** Source records follows **
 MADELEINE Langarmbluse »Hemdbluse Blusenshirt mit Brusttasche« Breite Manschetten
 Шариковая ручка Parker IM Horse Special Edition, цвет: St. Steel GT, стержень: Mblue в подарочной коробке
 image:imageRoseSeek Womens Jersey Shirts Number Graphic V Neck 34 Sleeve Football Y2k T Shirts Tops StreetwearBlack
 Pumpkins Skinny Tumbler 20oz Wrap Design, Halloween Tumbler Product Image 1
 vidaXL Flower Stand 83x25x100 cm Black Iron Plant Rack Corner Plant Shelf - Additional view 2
** End of Source records **
** Source records follows **
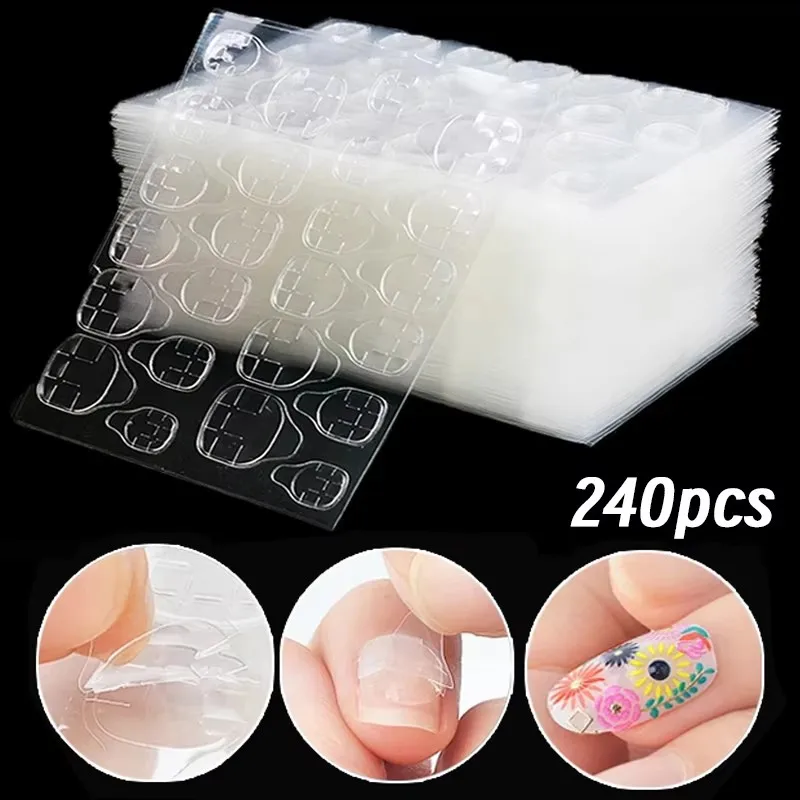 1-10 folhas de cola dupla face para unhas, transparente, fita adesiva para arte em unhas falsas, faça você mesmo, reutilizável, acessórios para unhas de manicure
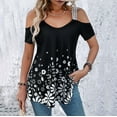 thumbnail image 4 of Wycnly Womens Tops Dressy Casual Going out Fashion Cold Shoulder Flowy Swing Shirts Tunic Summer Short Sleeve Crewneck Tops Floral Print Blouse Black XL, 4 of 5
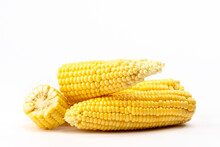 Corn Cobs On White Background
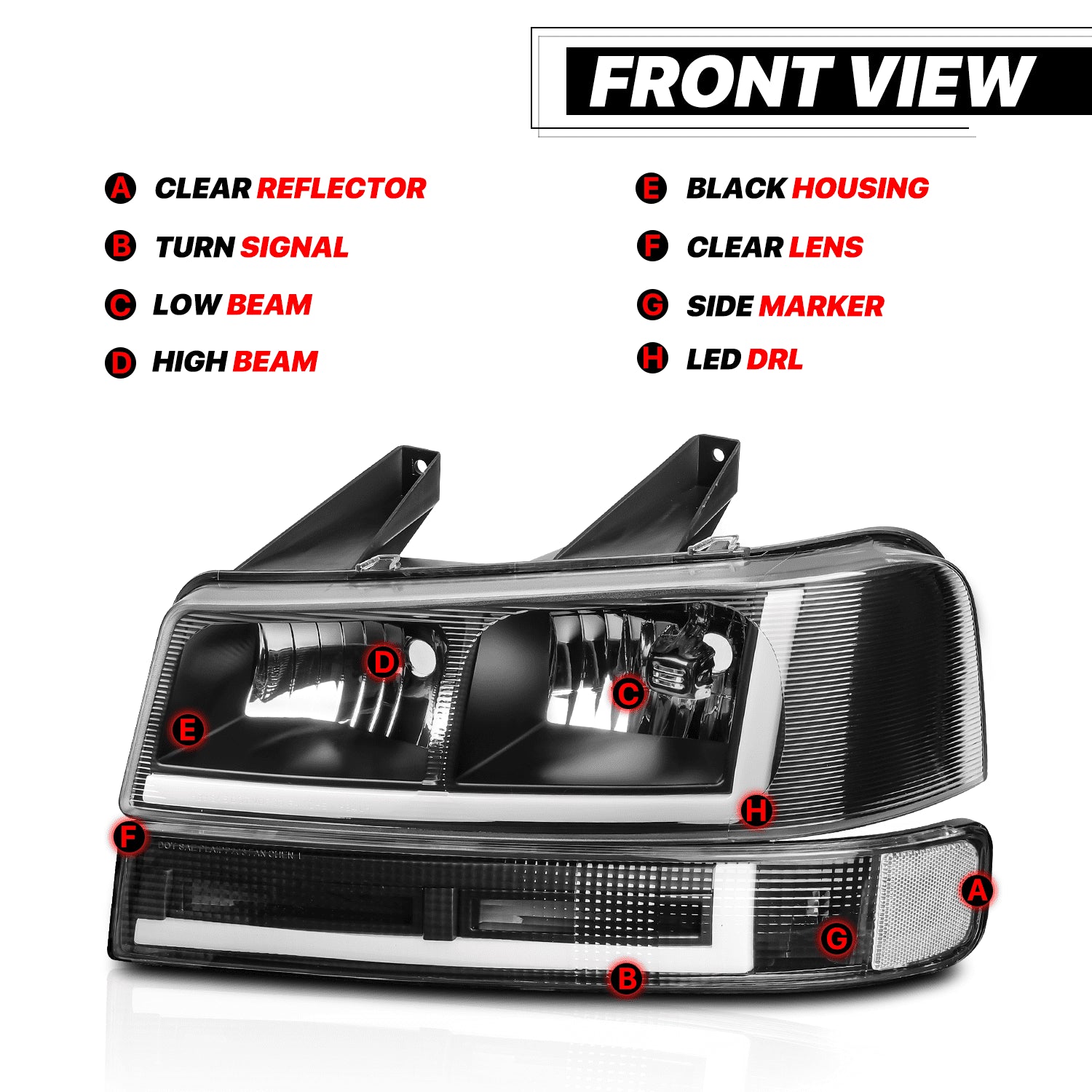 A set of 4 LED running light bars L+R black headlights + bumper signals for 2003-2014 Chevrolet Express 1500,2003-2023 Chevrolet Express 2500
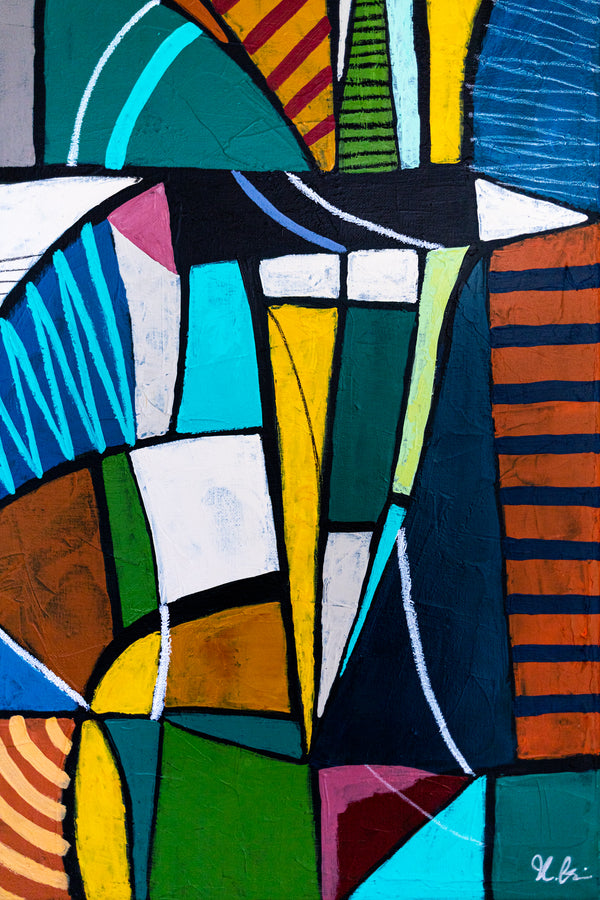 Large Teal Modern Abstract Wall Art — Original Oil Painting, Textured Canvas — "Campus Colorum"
** End of Source records **
All that is wanted is the lines above between the one containing "thumbnail image 4" and the one containing "Large Teal Modern", inclusive, restated word for word, with pictures omitted.

## Response to the task
 thumbnail image 4 of Wycnly Womens Tops Dressy Casual Going out Fashion Cold Shoulder Flowy Swing Shirts Tunic Summer Short Sleeve Crewneck Tops Floral Print Blouse Black XL, 4 of 5
 Corn Cobs On White Background
 A set of 4 LED running light bars L+R black headlights + bumper signals for 2003-2014 Chevrolet Express 1500,2003-2023 Chevrolet Express 2500
 Large Teal Modern Abstract Wall Art — Original Oil Painting, Textured Canvas — "Campus Colorum"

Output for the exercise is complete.